Stronger Economy Drives New Home Buyers

Daily Real Estate News | Wednesday, January 07, 2015

The strengthening of the economy and the labor sector is prompting more young professionals to gradually return to the real estate market.

Since the housing turnaround started in 2012, many first-time home buyers have been shut out, with a poor labor market and low wages forcing many young professionals to move back with their parents or to rent.
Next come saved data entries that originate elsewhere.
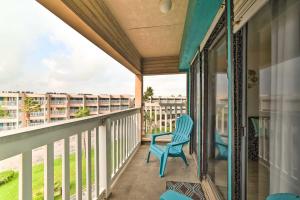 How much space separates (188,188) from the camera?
235cm

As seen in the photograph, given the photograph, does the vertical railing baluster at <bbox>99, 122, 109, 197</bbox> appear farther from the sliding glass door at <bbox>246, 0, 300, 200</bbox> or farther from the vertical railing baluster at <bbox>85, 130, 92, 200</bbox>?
the sliding glass door at <bbox>246, 0, 300, 200</bbox>

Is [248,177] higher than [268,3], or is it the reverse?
[268,3]

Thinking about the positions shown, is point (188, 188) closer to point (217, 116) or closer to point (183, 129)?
point (217, 116)

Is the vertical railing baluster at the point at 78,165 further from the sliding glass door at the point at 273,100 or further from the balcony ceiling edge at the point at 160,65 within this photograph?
the balcony ceiling edge at the point at 160,65

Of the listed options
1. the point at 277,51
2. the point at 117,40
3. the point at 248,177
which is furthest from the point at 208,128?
the point at 117,40

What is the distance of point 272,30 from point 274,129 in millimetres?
565

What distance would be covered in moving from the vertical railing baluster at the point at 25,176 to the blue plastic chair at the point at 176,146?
2000 millimetres

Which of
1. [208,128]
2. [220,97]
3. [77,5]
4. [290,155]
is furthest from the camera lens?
[208,128]

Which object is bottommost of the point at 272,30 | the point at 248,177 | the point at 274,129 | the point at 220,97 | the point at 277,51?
the point at 248,177

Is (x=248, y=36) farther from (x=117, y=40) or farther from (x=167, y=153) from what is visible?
(x=167, y=153)

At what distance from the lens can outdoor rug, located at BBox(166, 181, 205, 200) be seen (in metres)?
2.17

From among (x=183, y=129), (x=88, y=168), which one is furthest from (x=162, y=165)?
(x=88, y=168)

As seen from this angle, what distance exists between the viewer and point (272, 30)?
975 mm

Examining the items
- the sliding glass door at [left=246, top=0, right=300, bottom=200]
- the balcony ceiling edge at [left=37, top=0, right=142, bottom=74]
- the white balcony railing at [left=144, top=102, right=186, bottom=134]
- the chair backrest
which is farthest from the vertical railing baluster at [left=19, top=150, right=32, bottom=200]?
the white balcony railing at [left=144, top=102, right=186, bottom=134] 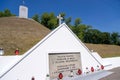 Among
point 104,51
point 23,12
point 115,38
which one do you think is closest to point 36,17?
point 23,12

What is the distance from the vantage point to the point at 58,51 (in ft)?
36.4

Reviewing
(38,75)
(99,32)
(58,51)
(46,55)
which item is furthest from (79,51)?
(99,32)

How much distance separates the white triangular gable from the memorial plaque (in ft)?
1.08

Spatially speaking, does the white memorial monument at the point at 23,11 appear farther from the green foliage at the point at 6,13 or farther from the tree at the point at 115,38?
the tree at the point at 115,38

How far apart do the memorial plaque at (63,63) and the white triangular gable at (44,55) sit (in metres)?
0.33

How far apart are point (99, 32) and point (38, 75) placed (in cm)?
4700

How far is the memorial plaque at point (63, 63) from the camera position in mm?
10344

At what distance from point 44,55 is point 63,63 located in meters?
1.73

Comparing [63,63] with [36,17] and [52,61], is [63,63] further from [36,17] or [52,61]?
[36,17]

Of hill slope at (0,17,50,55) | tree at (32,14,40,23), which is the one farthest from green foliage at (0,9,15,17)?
hill slope at (0,17,50,55)

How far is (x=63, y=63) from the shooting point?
36.4 feet

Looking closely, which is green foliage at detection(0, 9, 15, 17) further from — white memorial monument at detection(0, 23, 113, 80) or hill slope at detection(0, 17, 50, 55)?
white memorial monument at detection(0, 23, 113, 80)

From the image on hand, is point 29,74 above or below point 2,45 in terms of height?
below

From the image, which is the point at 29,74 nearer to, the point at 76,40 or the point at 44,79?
the point at 44,79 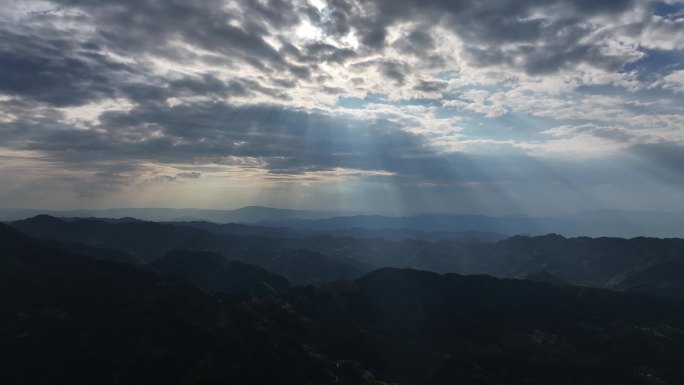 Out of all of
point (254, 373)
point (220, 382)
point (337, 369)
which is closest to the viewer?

Last year, the number of first-time buyers plunged to a 30-year low, according to data from the National Association of REALTORS®.

“Credit tightness has been an issue for the housing market but demand weakness has been a bigger one,” says Douglas Duncan, chief economist at Fannie Mae. “The improving economy is going to put renters in a better place to buy.”Duncan predicts a 6.3 percent jump in mortgage lending this year – that would follow a 9.6 percent drop in 2014. Growing confidence in the job market is the strongest indicator that home sales will improve, Duncan says.

With added jobs, more consumers see their wages growing too. Overall, consumers expect a 1.7 percent rise in their incomes this year, the highest increase since 2008, according to the Thomson Reuters/University of Michigan consumer sentiment poll. Americans under the age of 45 years old are expecting the largest gains in incomes at 4.7 percent.

“Young renters have wanted to keep their living situations flexible because they didn’t know if they were going to have to move for a job,” Duncan says. “More of them are going to be willing to put down roots if they feel more confident in the labor market.”

The economy added more than 2.7 million jobs in 2014, the highest amount since 1999, according to data from the Bureau of Labor Statistics.

Household formation is a key measure of real estate demand. Household formation is expected to increase to 1.1 million this year, the highest in three years, according to IHS Global Instight Inc. forecasts.

“If the first-time buyers aren’t in the market, the sellers can’t move up and buy their next houses,” Bill Banfield, vice president of Quicken Loans Inc. in Detroit, told Bloomberg News. “The real estate market needs an increase in entry-level demand” for it to fully recover.